Take the lines from the one containing "4G1611021 : Hauptbremszylinder" through the end of the material and write them out exactly, omitting pictures.

Stored data
+ + +
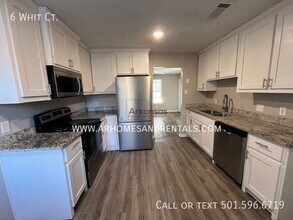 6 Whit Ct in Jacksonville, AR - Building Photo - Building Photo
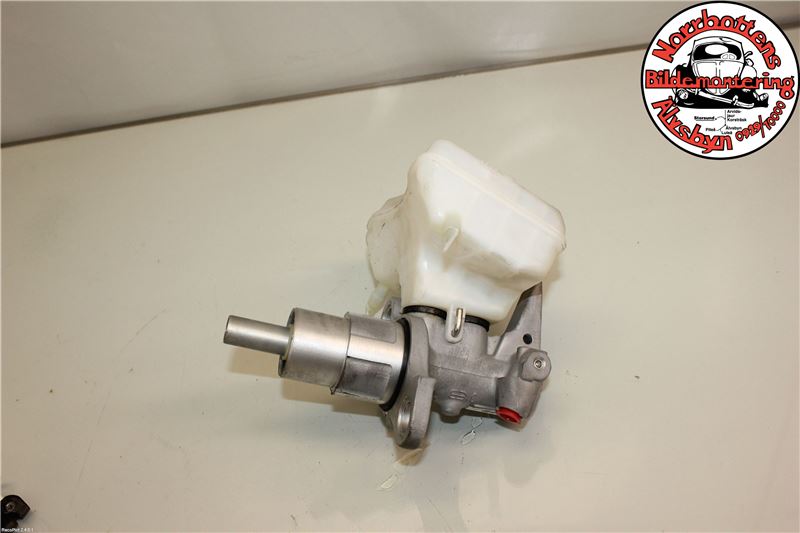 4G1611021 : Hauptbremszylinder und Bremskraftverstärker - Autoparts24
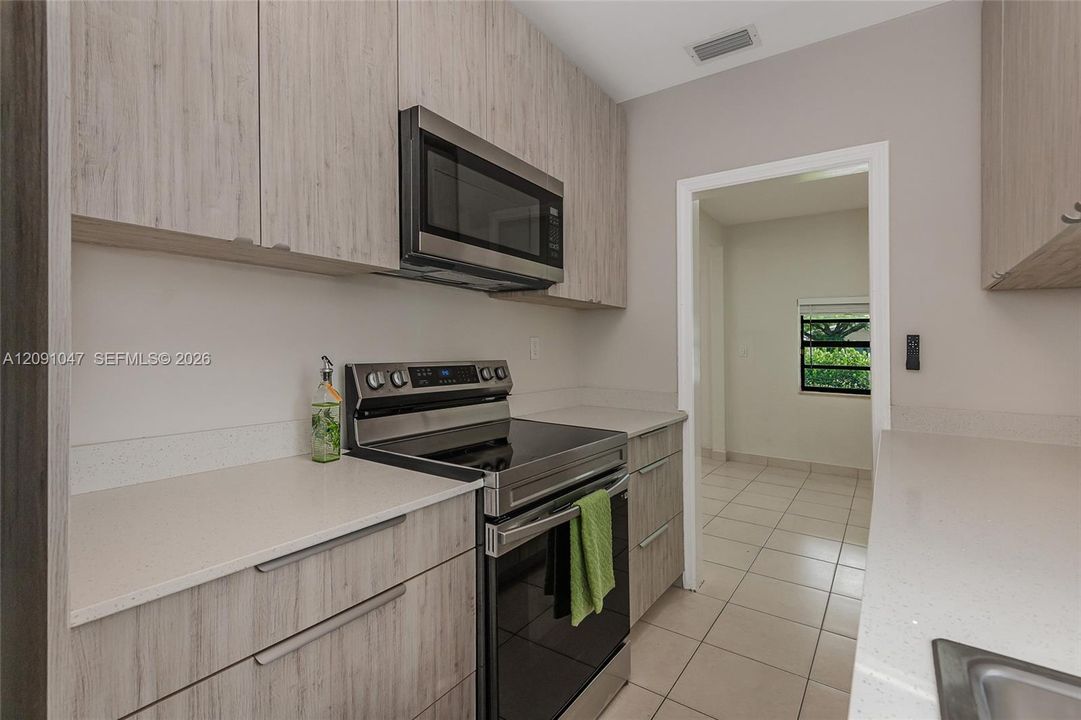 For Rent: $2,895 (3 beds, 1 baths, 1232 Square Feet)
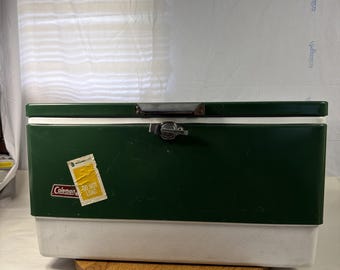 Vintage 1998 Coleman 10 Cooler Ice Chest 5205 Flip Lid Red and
+ + +
Written solution
 4G1611021 : Hauptbremszylinder und Bremskraftverstärker - Autoparts24
 For Rent: $2,895 (3 beds, 1 baths, 1232 Square Feet)
 Vintage 1998 Coleman 10 Cooler Ice Chest 5205 Flip Lid Red and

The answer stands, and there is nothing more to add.